Work required ->
All entries below must be output word for word, and the pictures left behind.

Captioned web images:
***

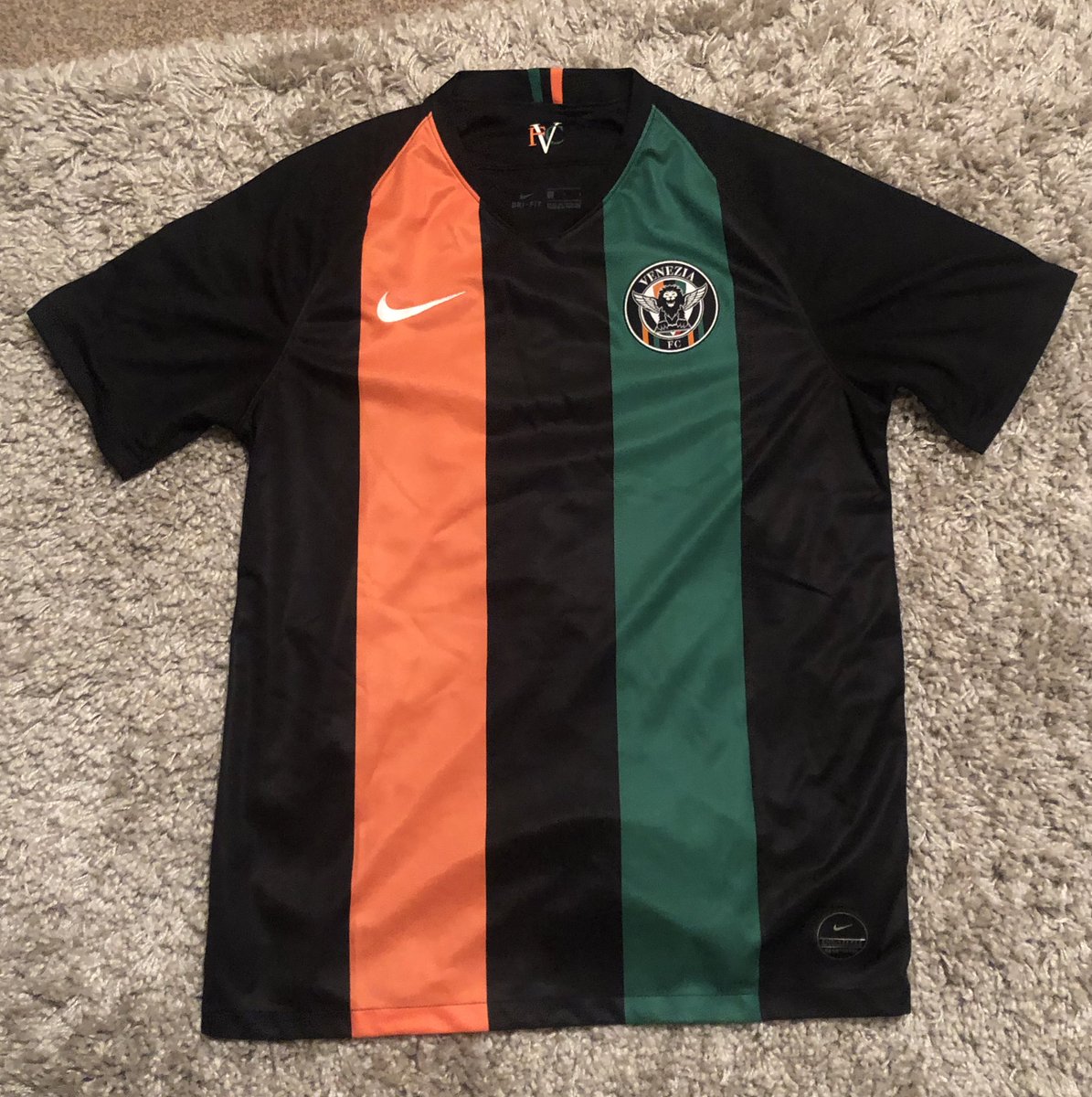 JohnRob2310's tweet image. Sales Thread 🧵 2/2 

Trabzonspor £10 (L)
Chelsea £10 (M)
Basel £25 (L)
Venezia £35 (L)

Chelsea &amp;amp; Trab both ideal for 5s ⚽️ as condition below par. All other shirts in excellent condition. 

As always, feel free to DM for more photos, tags, pictures, offers or just a chat. 🤜🏼🤛🏼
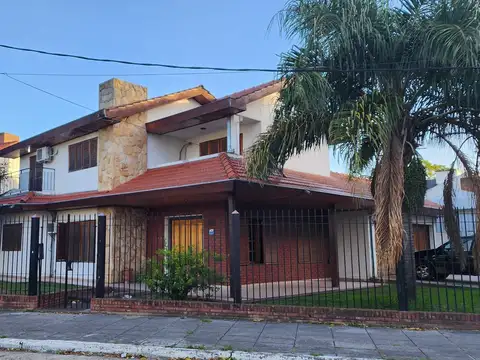 Casa Chalet  en Venta en San Antonio De Padua, Merlo, G.B.A. Zona Oeste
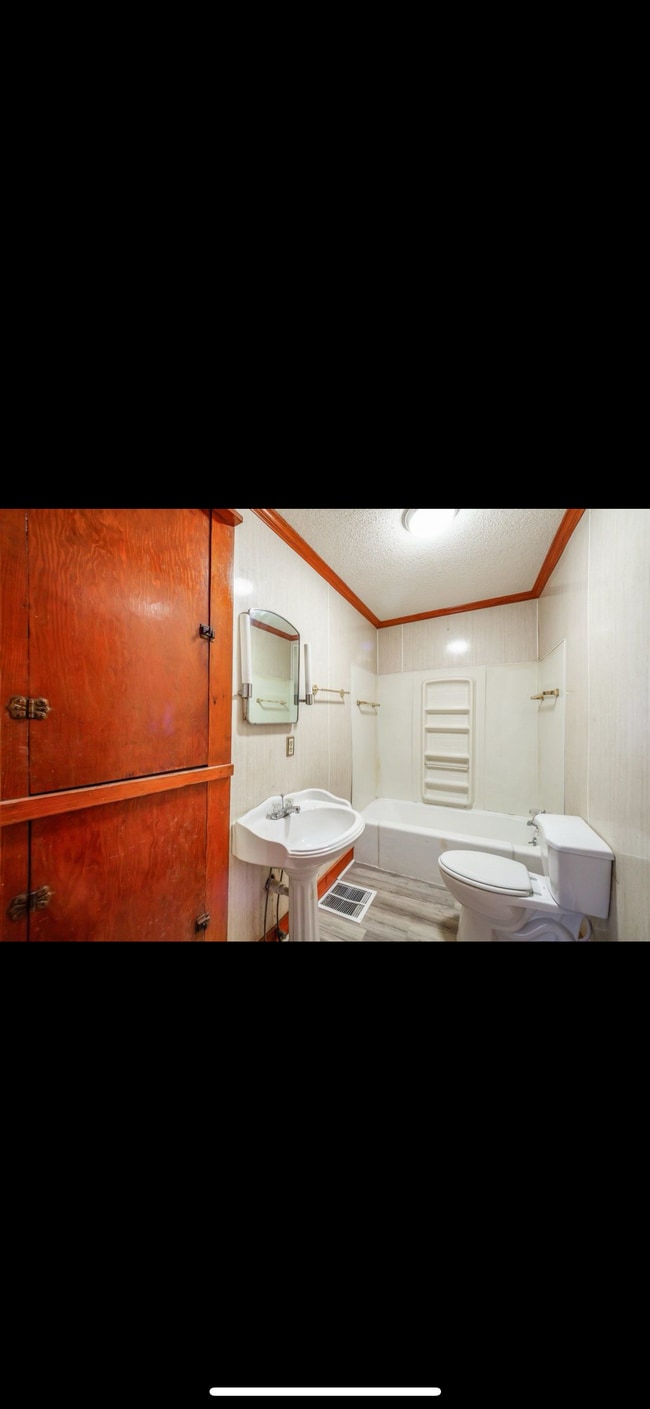 Building Photo - 805 E Jefferson St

***

Answer for the task ->
 JohnRob2310's tweet image. Sales Thread 🧵 2/2 

Trabzonspor £10 (L)
Chelsea £10 (M)
Basel £25 (L)
Venezia £35 (L)

Chelsea &amp;amp; Trab both ideal for 5s ⚽️ as condition below par. All other shirts in excellent condition. 

As always, feel free to DM for more photos, tags, pictures, offers or just a chat. 🤜🏼🤛🏼
 Casa Chalet  en Venta en San Antonio De Padua, Merlo, G.B.A. Zona Oeste
 Building Photo - 805 E Jefferson St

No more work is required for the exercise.